La barque de poste de Robert transporte aussi des idées En savoir plus sur http://www.ladepeche.fr/article/2015/07/19/2146337-la-barque-de-poste-de-robert-transporte-aussi-des-idees.html#3s707usUUQpUCcQj.99 – L'Officiel du Canal du Midi

La barque de poste de Robert transporte aussi des idées En savoir plus sur http://www.ladepeche.fr/article/2015/07/19/2146337-la-barque-de-poste-de-robert-transporte-aussi-des-idees.html#3s707usUUQpUCcQj.99

Dernier portrait de notre série sur le canal du Midi, aujourd’hui, où l’on retrouve Robert Mornet, à Agde, avant sa remontée vers Sallèles d’Aude où il sera ce dimanche à bord du Cairol, sa fameuse barque de poste.

Agde. Ici s’achève la balade. Enfin presque. Car une fois admirée l’écluse ronde et ses trois portes distribuant le trafic vers Béziers, l’étang de Thau et l’Hérault, il est impossible de ne pas pousser jusqu’au bout. Aux Onglous, à Marseillan, où s’achève le canal du Midi, où se devine Sète, là-bas, où les bateaux s’échangent des nouvelles de l’Atlantique et de la Méditerranée. Où le fantôme de Riquet qui avait posé là la première borne de son canal vous dit…

«Au fait, tu n’as pas oublé de passer au Somail ? Ni aux ouvrages du Libron ? Parce que tu sais, tout le monde connaît l’exploit du tunnel du Malpas,l’escalier d’écluses de Fonsérannes et ses neuf portes, à Béziers. Mais ma chapelle ? Et ce qu’ont construit aussi mes successeurs ?»

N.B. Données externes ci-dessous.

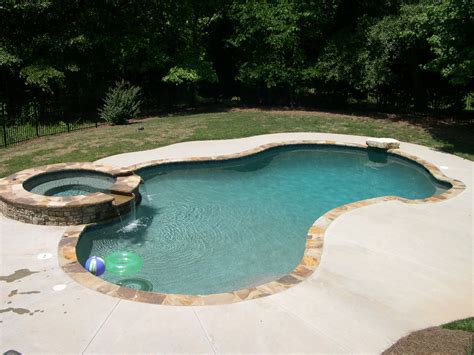 Swimming pool designs with hot tub | Hawk Haven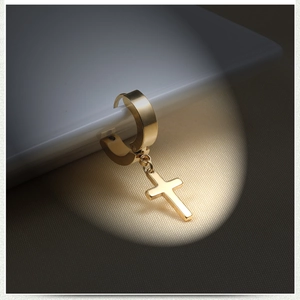 Macro shot of polished gold cross drop earring with a glossy metallic finish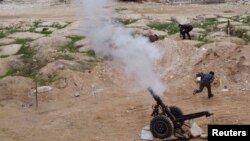 Free Syrian Army fighters launch a weapon towards the forces of Syria's President Bashar al-Assad in Ain Tarma, in Eastern Ghouta, a suburb of Damascus, Jan. 3, 2015.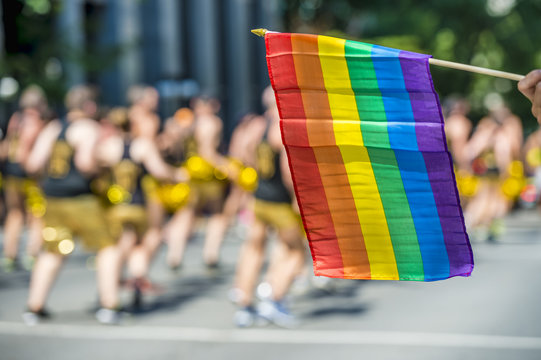 Rainbow flag floating in front of blurred gay dancers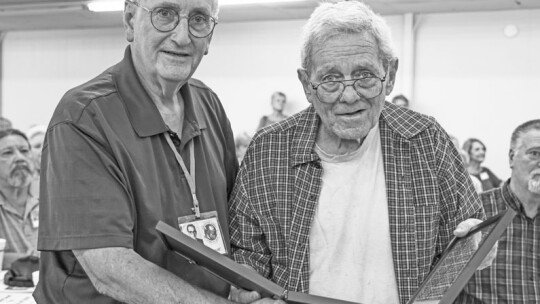 ABOVE: Members of the 1969-1970 choir assemble for a performance of one of their favorite songs from high school. RIGHT: On behalf of the 1969-70 choir, Herbert Brinkmeyer presents a framed copy of The Lord Bless You and Keep You by Peter C. Lutkin to their director, William Kretzmeier.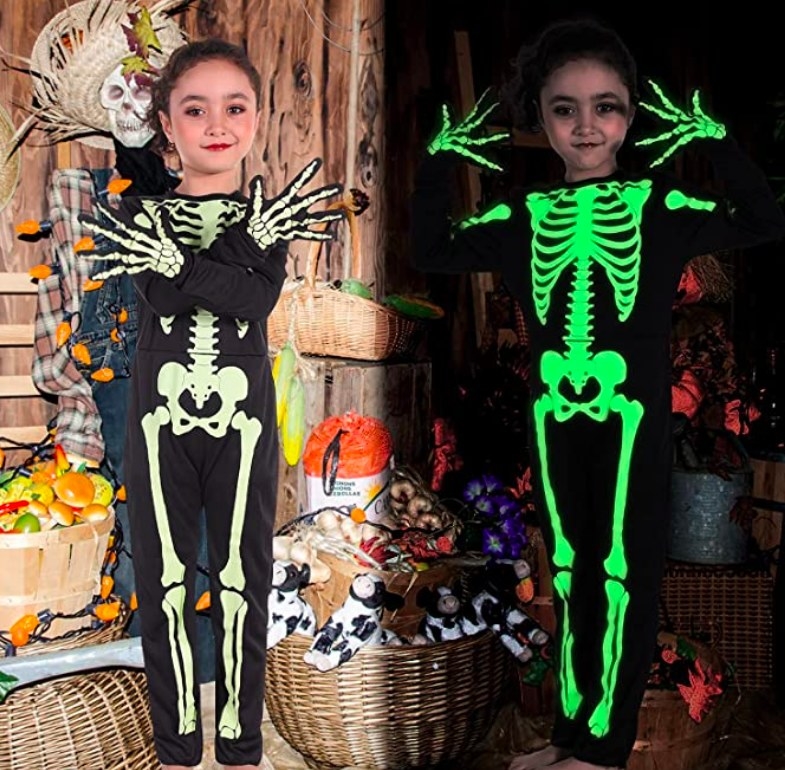Side-by-side of the same girl wearing the costume in daylight and darkness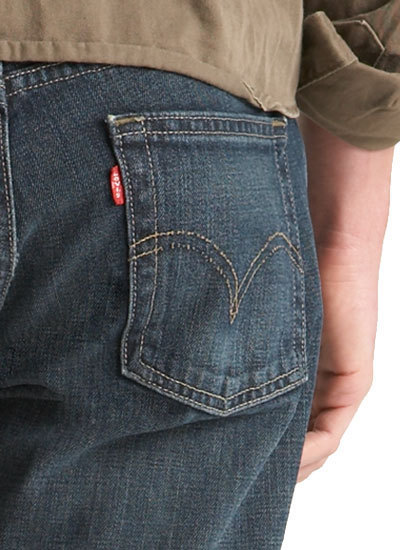 A red tag is on the side of a back pocket of a pair of jeans.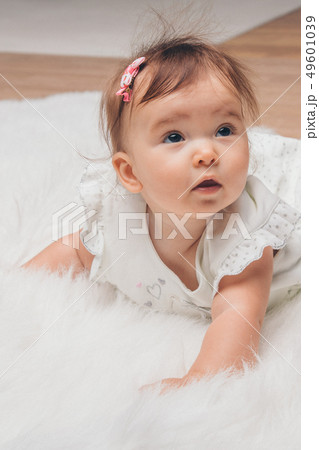 little girl with a tail on her head crawling on little girl with a tail on her head crawling on 49601039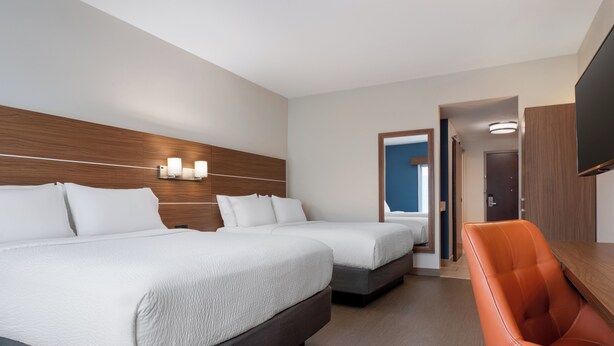 Ein Hotelzimmer mit zwei Betten, einem Holzkopfstück, einem Fernseher und einer Sitzecke.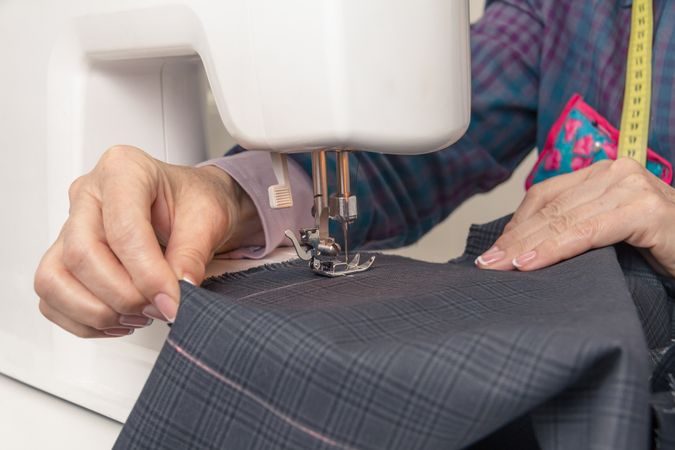 Seamstress hands working on a sewing machine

L’ouvrage méconnu du Libron, donc, à deux pas d’Agde en l’occurrence… Digne fils de Jean-Polycarpe, Urbain Maguès les a réalisés en 1858. Le défi ? C’est qu’à Vias, le Libron, petit torrent cévenol, pose un sacré problème lorsqu’il grossit de façon démesurée après les forts orages, par exemple. Alors l’ingénieur toulousain a conçu un ensemble à la fois esthétique et étonnant pour faire passer la rivière en colère et ce qu’elle charrie. «Une série de caissons en U, de chaque côté, qu’on avance au milieu du canal où ils se rejoignent pour le fermer, formant un lit artificiel pour laisser passer la crue du Libron par-dessus», résume Edmond Boudet, 62 ans, veillant depuis 1977 sur l’ouvrage.

Quant au Somail ? Oh, ça, c’est bien en amont de Béziers, entre Homps et Capestang, juste avant la bifurcation vers le canal de la Robine. Sur le Canal Royal, les voyageurs de Toulouse à Sète passaient là leur troisième nuit, dans ce hameau construit par Riquet au carrefour de sa voie et de la route de Narbonne à Saint-Pons-de-Thomières, où l’on embarquait ou débarquait donc les marchandises allant vers la Montagne Noire ou Narbonne.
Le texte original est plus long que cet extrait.